Wednesday, July 11, 2007

Overcoming Duality

So one of the sayings that B.K.S Iyengar is famous for goes something like this, "you must see how there are back bends in forward bends and forward bends in backward bends." Well, these past two classes must fall under that rubric. This is a forward bending week at the Institute. So Tuesday night Christina and I were sort of expecting a mellow philosophy lecture with a few asanas in between based on our experience last week with Prashant. Not so. Major Backbends, starting with rope sirsansa and setu bandha and then an epic stay in dwi pada on a chair... then onto standing back arch, drop overs, kapotasana ekapada rajakapotasana, then some so called baby back bends like up dog and bow. It was gruelling, actually. Christina banned my use of the word gruelling early in the day saying I was overusing a perfectly fine word, (But really so many of the stretches are pretty gruelling, but it is true, I do get in a word rut, like "posh and trendy restaraunts") Then last night she said, "see we really need the word gruelling now and you spent it on a harmless little hip opener." Then, Geeta's class this morning was also a pretty intense backward bending class.

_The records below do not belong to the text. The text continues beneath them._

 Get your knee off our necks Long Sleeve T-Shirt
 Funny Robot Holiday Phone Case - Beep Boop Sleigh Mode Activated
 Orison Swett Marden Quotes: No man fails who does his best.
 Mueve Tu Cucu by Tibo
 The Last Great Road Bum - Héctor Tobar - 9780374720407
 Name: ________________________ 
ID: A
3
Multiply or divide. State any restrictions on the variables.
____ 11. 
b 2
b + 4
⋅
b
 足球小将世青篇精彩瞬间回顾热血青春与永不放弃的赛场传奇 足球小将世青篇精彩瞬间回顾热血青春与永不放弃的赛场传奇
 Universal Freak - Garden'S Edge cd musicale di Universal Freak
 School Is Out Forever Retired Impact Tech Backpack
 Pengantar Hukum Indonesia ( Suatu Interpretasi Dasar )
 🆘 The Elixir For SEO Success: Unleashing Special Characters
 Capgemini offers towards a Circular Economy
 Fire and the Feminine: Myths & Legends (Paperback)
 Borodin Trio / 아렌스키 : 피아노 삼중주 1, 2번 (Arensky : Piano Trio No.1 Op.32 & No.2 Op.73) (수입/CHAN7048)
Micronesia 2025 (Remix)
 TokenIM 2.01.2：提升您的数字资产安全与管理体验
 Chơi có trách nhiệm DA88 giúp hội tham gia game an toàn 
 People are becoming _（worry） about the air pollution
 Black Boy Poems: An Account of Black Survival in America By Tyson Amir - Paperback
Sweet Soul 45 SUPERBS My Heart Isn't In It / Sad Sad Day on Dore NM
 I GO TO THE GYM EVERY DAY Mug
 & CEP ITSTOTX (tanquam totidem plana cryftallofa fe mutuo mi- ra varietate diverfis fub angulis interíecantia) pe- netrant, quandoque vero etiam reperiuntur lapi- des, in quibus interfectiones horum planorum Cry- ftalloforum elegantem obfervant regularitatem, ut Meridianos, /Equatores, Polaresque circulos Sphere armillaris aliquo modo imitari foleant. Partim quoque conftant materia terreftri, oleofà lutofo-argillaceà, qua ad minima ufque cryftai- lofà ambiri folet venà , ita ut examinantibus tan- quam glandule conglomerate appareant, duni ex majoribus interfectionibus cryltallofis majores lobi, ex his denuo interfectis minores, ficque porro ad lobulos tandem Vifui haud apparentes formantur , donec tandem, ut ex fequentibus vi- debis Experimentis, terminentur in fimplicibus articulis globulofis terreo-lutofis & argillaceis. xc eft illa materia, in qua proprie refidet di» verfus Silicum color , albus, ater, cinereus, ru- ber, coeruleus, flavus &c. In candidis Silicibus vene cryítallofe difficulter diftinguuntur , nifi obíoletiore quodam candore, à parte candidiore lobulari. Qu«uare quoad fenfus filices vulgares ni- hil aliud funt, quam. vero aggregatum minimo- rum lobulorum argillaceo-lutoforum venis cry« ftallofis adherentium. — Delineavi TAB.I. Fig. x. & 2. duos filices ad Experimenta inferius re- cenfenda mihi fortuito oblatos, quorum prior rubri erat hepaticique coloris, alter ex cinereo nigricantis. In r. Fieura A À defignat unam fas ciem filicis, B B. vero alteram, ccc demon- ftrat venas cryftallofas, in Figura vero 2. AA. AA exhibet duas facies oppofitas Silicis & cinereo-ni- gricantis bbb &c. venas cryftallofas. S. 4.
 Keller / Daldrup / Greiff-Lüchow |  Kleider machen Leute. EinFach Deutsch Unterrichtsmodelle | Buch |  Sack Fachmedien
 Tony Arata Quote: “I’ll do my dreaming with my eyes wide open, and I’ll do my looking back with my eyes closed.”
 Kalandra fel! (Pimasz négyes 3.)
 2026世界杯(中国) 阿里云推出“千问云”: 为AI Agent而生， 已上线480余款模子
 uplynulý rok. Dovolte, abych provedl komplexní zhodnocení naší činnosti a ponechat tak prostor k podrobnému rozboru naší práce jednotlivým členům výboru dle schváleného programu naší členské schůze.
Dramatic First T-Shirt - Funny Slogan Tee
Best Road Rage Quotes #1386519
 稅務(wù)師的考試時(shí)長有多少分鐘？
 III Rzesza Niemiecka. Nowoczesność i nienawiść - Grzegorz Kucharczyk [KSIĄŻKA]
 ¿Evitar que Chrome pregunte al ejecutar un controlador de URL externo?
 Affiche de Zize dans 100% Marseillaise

Both Geeta and Prashant talked a lot about the importance of cultivating the mind for learning and not to get stuck in "just doing" or doing what you know. It is a good lesson. It actually reminds me of one of the things that first attracted me to Iyengar yoga. It was clear that the system allowed for life long learning. In academia, at some point you become the teacher and while you might remain a student in the sense that you are a scholar of a philosopher's thought. I am still and always will be a student of Plato. At some point, your formal studentship is over, while you were someone's student and people know that about you, typically the studentship ends and you are a teacher... Not so in Iyengar yoga. Even when you are a teacher, you are still someone's student.

There's much more I want to write about all this and its relationship to Socrates, aporia, and keeping an open mind, but I got caught up in emailing today and now it is time to go practice some forward bends.

Other news of note. Our roomate Jaya arrived today and Christina and I bought real indian style bloomers.